The Legislation Clinic will provide students with an opportunity to observe and participate in many facets of the legislative process and policy advocacy. The clinic is intended to expose the student to the policy issues, legal analysis, drafting, and political process required to successfully advance a proposal through the legislative process. Prior experience with child welfare is not required.
For many years the Child Advocacy Law Clinic (CALC) has engaged in occasional legislative advocacy for child welfare reforms. (Child welfare includes legal and policy issues regarding child maltreatment, children in foster care, and suspension and termination of parental rights) Over these many years, the CALC has served as legislative counsel for various clients, including reform commissions, organizations and individuals. In one instance we served as “of Counsel” to the Michigan Lt. Governor’s Office and worked on a package of bills she was supporting.

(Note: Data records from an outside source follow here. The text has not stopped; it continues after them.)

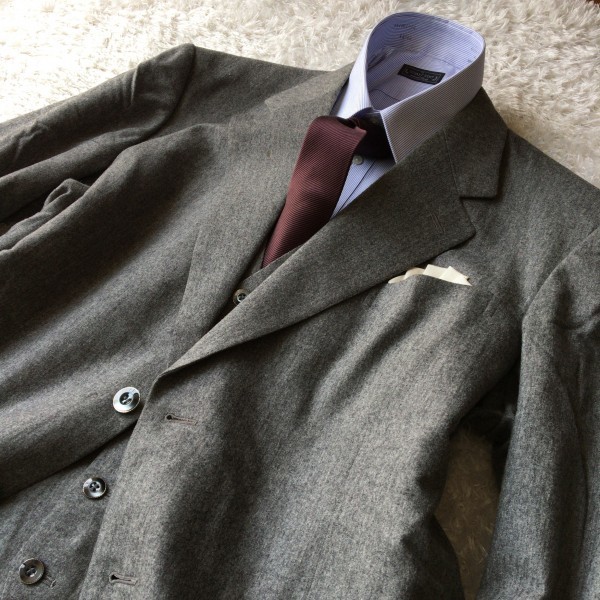 size56☆良品☆ダンヒル Dunhill ３釦スーツ チャコールグレー 1610 極上カシミヤ混xsuper120s dunhill ダンヒル シングルスーツ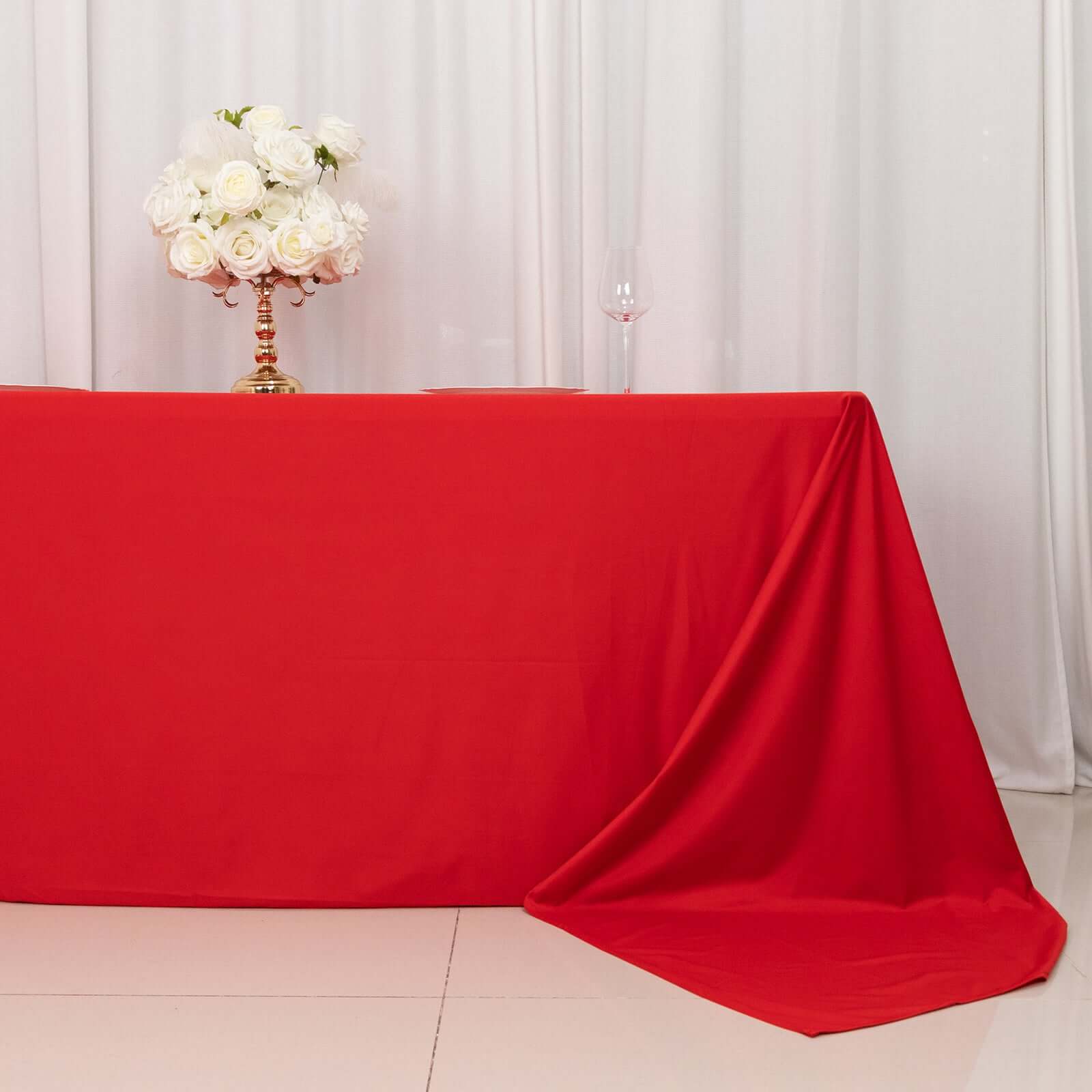 Red Premium Wrinkle-Free, Stain-Resistant Scuba Rectangular 90x156 Tablecloth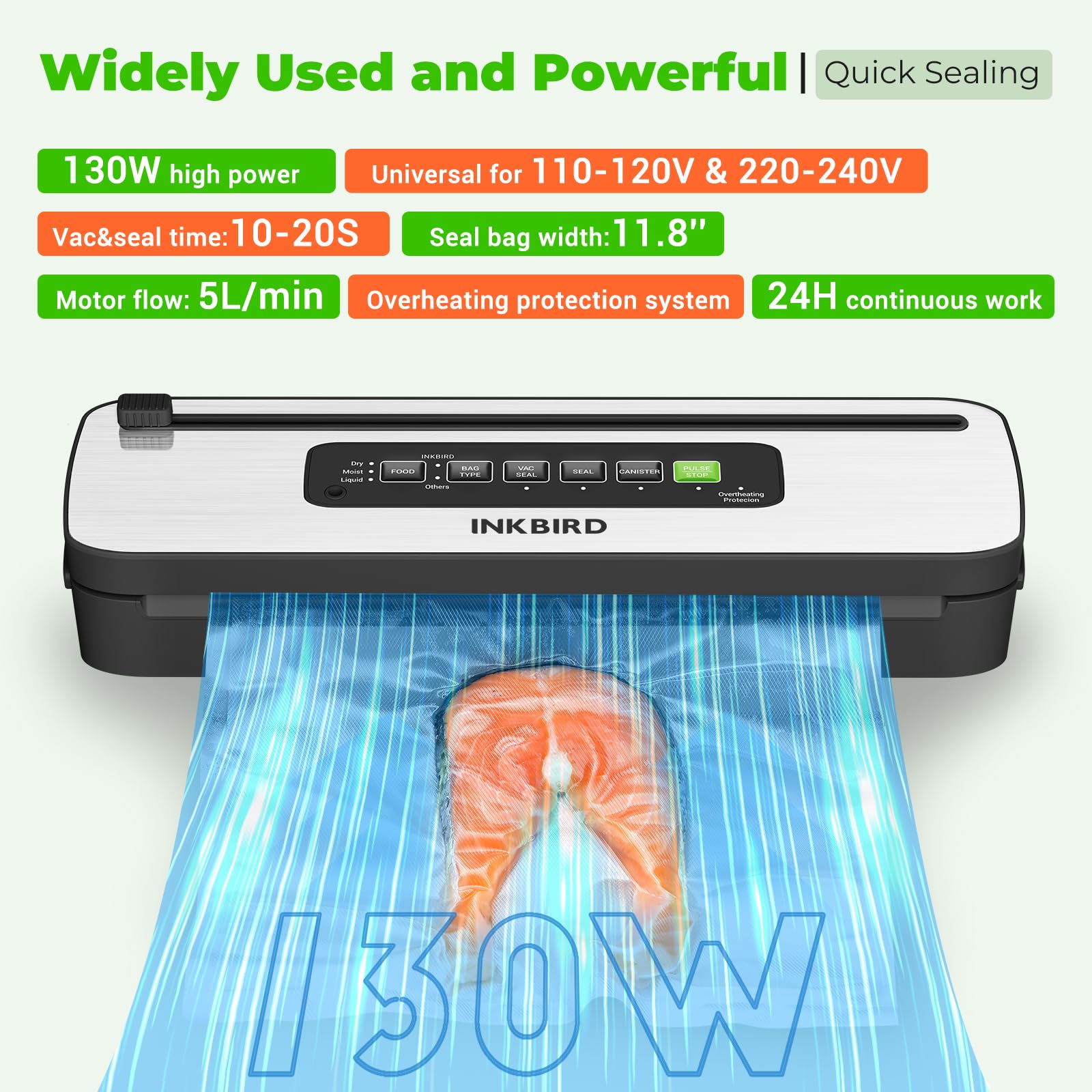 INKBIRD 130W Powerful Vacuum Sealer Machine - 6 Food Modes for Liquid/Moist/Dry Foods, Compact Food Preservation System with Built-in Cutter & Starter Kit (10 Pre-cut Bags 8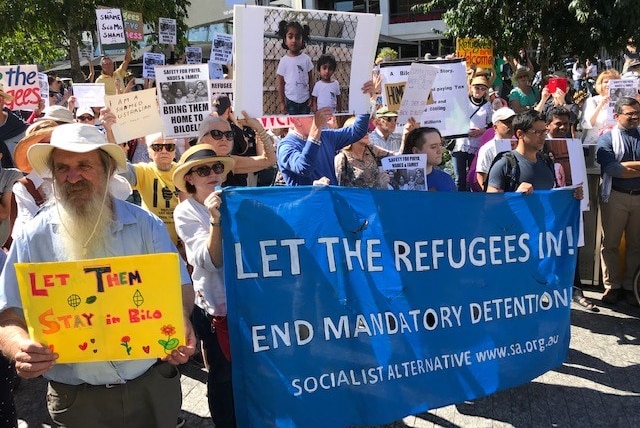 Protesters march in Brisbane's CBD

Most recently Professor Duquette championed a bill stemming from the notorious “Mike’s Hard Lemonade Case” in which a seven-year old boy was placed in foster care for three days because his father, a classics professor at the University of Michigan, inadvertently gave him a Mike’s Hard Lemonade at a Detroit Tigers game. That legislation dramatically improves the decision-making process between the Michigan Department of Human Services and the courts and provides appropriate due process protections for the child and parents. In 2012 that bill ultimately passed both houses of the Michigan legislature unanimously.
Now we will formalize this occasional legislative advocacy in a separate clinical offering. The clinic will identify policy reform issues that seem ripe for action but might require the boost of research, drafting, developing relations with stakeholders, and collaboration with supporting legislators that law students might do. We may have specific clients for whom we would serve as legislative counsel.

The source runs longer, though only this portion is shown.